The first of these was established around 1854 as the Neuhoff and Bressler Brewery. The original 60’ x 80’ three-story brick building was also called the Nebraska Brewery, owing to the "N" and "B" in the owner’s last names.

Ownership of this brewery changed hands several times during the next two decades, operating as Neuhoff and Loeser, and later as Loeser and Euchert. In 1868, Hubert Hartmann, a native of Hanover, Germany, who had been a success in the Belleville drug business, joined Charles Loeser as a partner in his brewing business. In 1872, Hartmann was joined by his brother Bernard, who bought out Loeser, giving birth to the Hartmann Brothers Brewery. Production around this time was about 6,000 barrels per year.
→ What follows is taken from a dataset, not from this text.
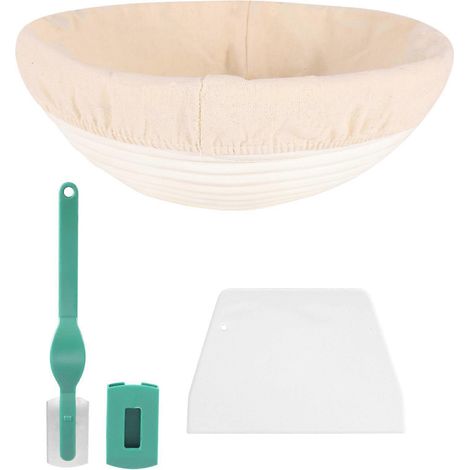 Panier de fermentation de 25 cm (10 pouces) - Banneton + doublure en tissu + racloir à pâte + lame à pain - Kit pour la fabrication de pain au levain, idéal pour les professionnels et les particuliers (1/4)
The 1870’s saw the company introduce its "Stern" brand, and the building placed on stilts for three months in order to expand the cellar. A new ice house was built in 1873, and by 1877 "Star" beer was so popular that the brewery began putting it in bottles.

By 1881 production was up to 25,000 barrels. The brewery buildings covered four acres of the twenty-five acre Hartmann estate, with some of the 30-40 employees living on the estate. Twelve teams of four-horse hitches were used to transport beer to St. Louis and surrounding Illinois and Missouri counties. Up to 2,000 cases of bottled beer left the brewery each day.

In the 1880’s, Bernard Hartmann acquired sole control of the operation, and renamed it the Star Brewery. It had always been called that because of the six-pointed star on the roof of the building, and the star symbol had been used on the brewery’s products since 1867. Hartmann was soon joined by his sons Hubert and Hans as the business continued to thrive.

Disaster struck the Star Brewery in 1895, when the main building was destroyed by an early morning fire. The 1,200 barrels of beer aging in the cellar were lost, but while brewing was interrupted, sales were not, as the company had beer stored throughout southern Illinois, and the bottling plant was undamaged. Within a year a new four-story plant had been built.

THE WESTERN BREWERY IS ESTABLISHED

In the meantime, across town in the western end of Belleville, a brewery had likewise flourished. Various dates in the 1850’s are given for the opening of a brewery started by Phillip Neu, and soon joined by Peter Gintz. While Stag beer in later years would advertise itself as having been brewed "since 1851," making it the oldest beer in town, this date is highly questionable. A Stag beer newspaper advertisement published in 1934, pronounces the founding date as 1857. An 1856 newspaper reference describes Neu building a new residence and brewery in the west end of town. The three story brick brewery building had a 40’ x 70’ malt cellar, a ten horsepower steam engine and a brewing capacity of 65 barrels a day.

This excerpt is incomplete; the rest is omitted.